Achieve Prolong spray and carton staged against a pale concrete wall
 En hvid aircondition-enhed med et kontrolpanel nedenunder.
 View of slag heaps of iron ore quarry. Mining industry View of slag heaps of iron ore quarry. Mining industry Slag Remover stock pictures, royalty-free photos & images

Work required:
Retype each line above exactly as written.

Your response:
Achieve Prolong spray and carton staged against a pale concrete wall
 En hvid aircondition-enhed med et kontrolpanel nedenunder.
 View of slag heaps of iron ore quarry. Mining industry View of slag heaps of iron ore quarry. Mining industry Slag Remover stock pictures, royalty-free photos & images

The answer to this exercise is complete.